When Dreher himself was being drawn to faith in Christ as a young adult the one thing that he didn't want to give up was his sexual freedom. He met liberal pastors who would tell him that it did not matter but deep down he knew he could not withhold this from Jesus if he was to follow him.

Upon finally surrendering his sexuality to God, his faith became real.

If Christians cave to mounting pressure to compromise here, Dreher believes "they have given the store away."

"The essence of the cross is being willing to die even to yourself and all your desires for the sake of love, the love of Christ, and the love of His people," Dreher said.

"And if we can't put every one of our passions, whether they are sexual passions, the desire for money, the desire for fame, the desire for status, if we are unwilling to lay all that at the foot of the cross, then we are like the Rich Young Ruler. We want to go to Heaven but we don't want to die."

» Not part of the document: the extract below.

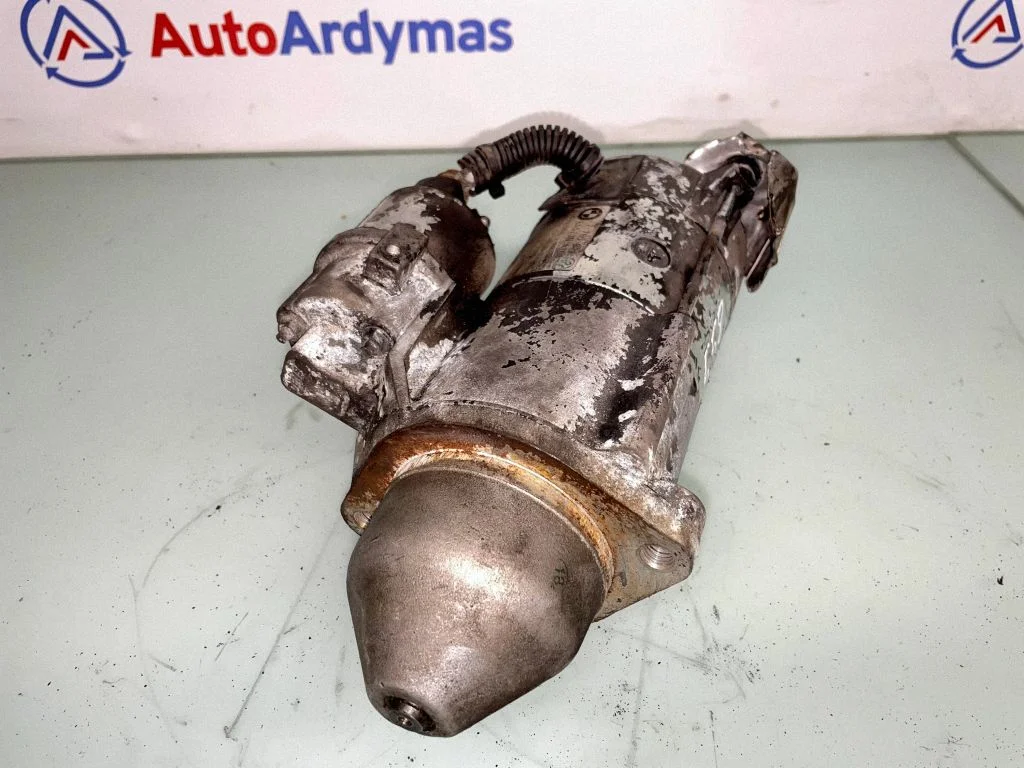 Starter motor 7785821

Dreher has visited the monastery in Benedict's hometown, Nursia, which is now Norcia, Italy. Although the monks live a highly regimented life, most of which occurs behind walls and is full of scripture study and prayer, hospitality is a central feature of their community as they frequently host visitors on pilgrimage.

"But the monks will tell you," Dreher said, "the only way we can be for those pilgrims who God calls us to be as monks is by spending so much time away in prayer and contemplation.'"

The same principle applies to Christians living in the modern world, he asserted.

"If we are going to hold on to what it means to be a true authentic Christian and present the light of Christ to this darkening world, we're going to have to spend a lot more time away from that world in prayer, in scripture study, learning the practices of discipleship."

And as a practical matter, that means parents doing things like taking away Smartphones and turning the TV off a lot more than they are, he added.

Giving into fear and regarding the world as a irredeemably dirty place from which to stay isolated, he notes, is a mistake.

"More than being happy, [God] wants us to be joyful. And we can have no true joy without obedience."

He also mentioned a group of Christians he met while in Italy who lead obedient, prayerful, faithful lives. And they do not just fast, but they feast. And they are full of joy.

"When you meet them, you want what they have. You want to know the Lord that they know. And at our best that is what the Benedict Option has to be in all our churches."